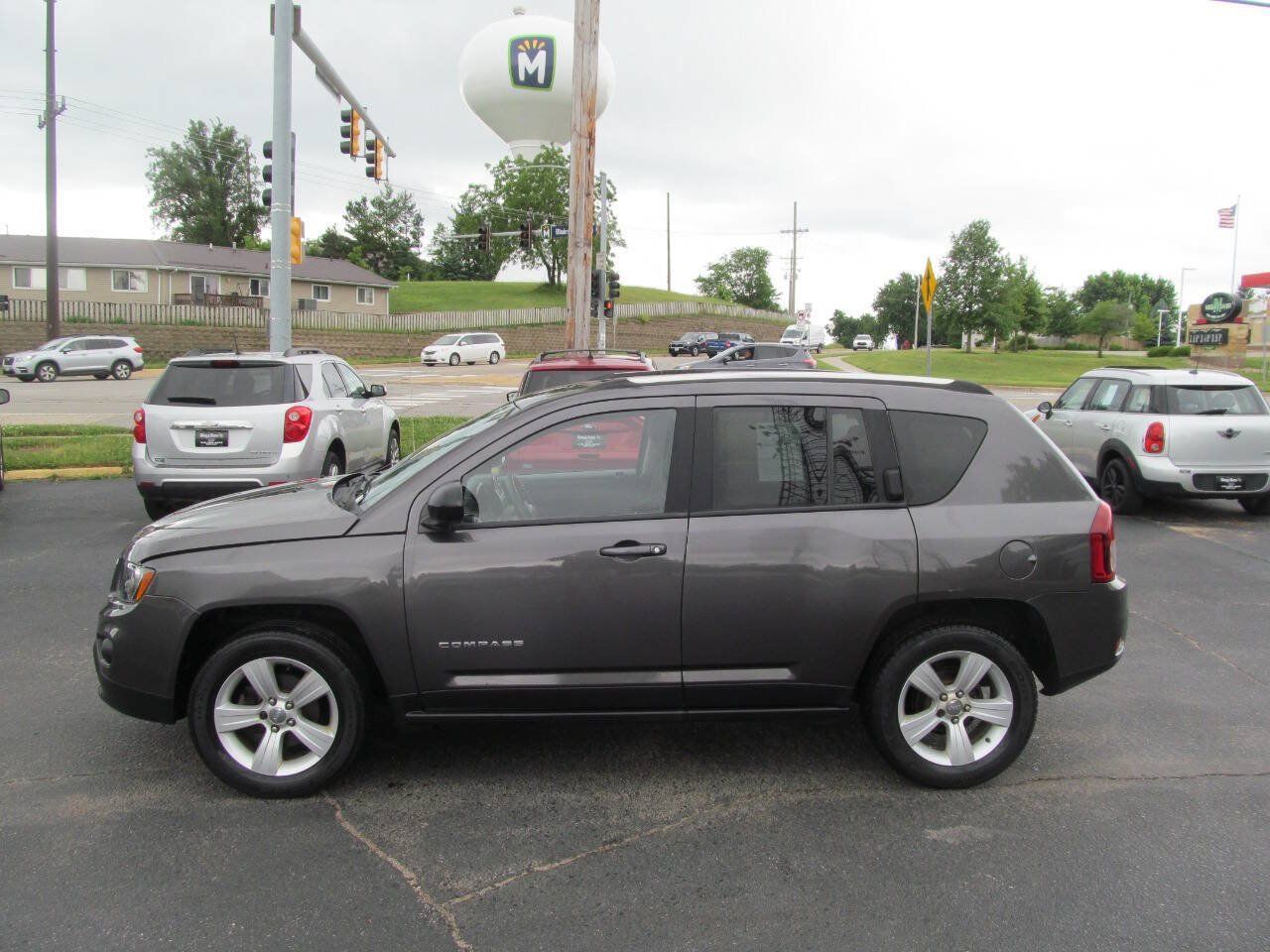 Used 2014 Jeep Compass Sport w/ Power Value Group AWD/4WD image 2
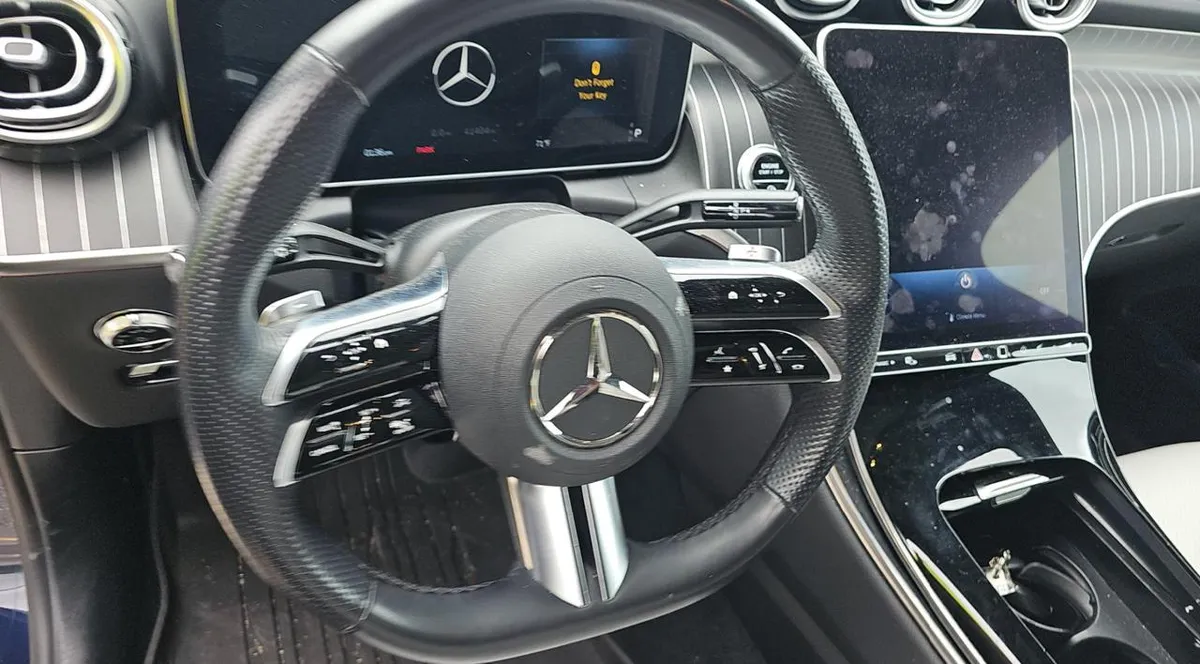 MERCEDES-BENZ GLC 300 2023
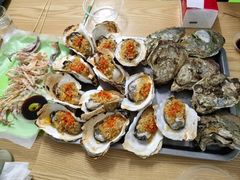 -蚝哥花姐湛江烤生蚝(美丽湾市场店)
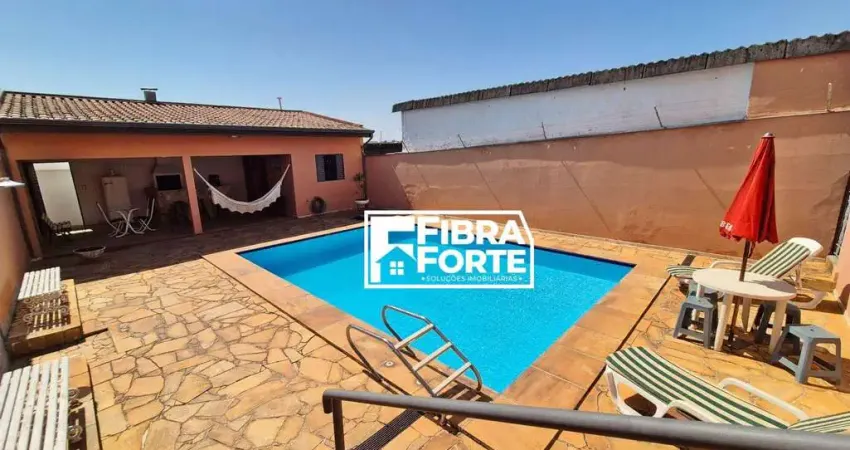 Casa para venda no bairro Jardim Proença com 3 dormitórios e piscina.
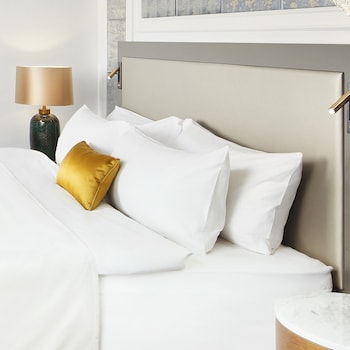 Junior Suite with King Bed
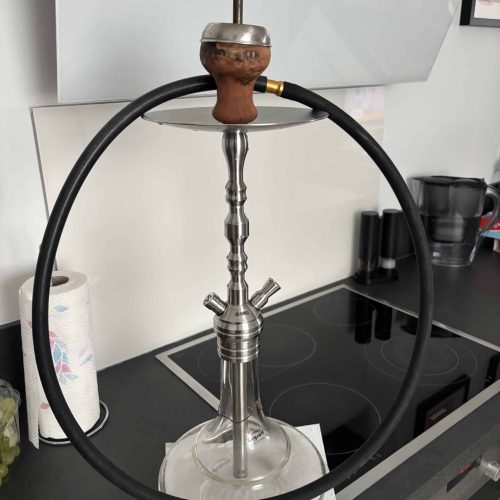 Shisha mit Edelstahl, Glasbowl und Schlauch auf Küchenarbeitsplatte.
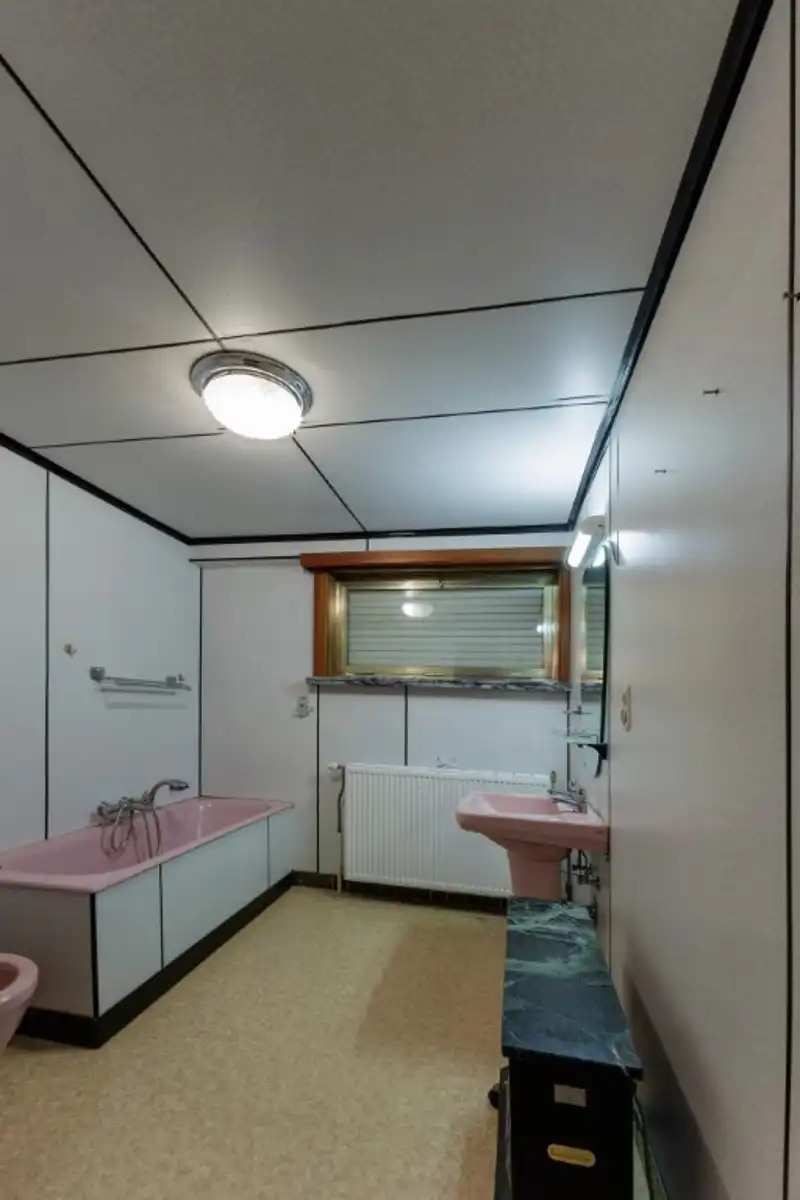 Ruime halfopen bebouwing met grote tuin foto 19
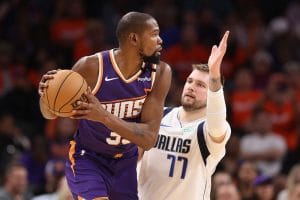 Luka Doncic defiende a Kevin Durant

::::

(Task): "-蚝哥花姐湛江烤生蚝(美丽湾市场店)" marks the first line to copy; copy that line and every line after it through the last line of the listing, exactly and without pictures.

(Solution to the problem):
 -蚝哥花姐湛江烤生蚝(美丽湾市场店)
 Casa para venda no bairro Jardim Proença com 3 dormitórios e piscina.
 Junior Suite with King Bed
 Shisha mit Edelstahl, Glasbowl und Schlauch auf Küchenarbeitsplatte.
 Ruime halfopen bebouwing met grote tuin foto 19
 Luka Doncic defiende a Kevin Durant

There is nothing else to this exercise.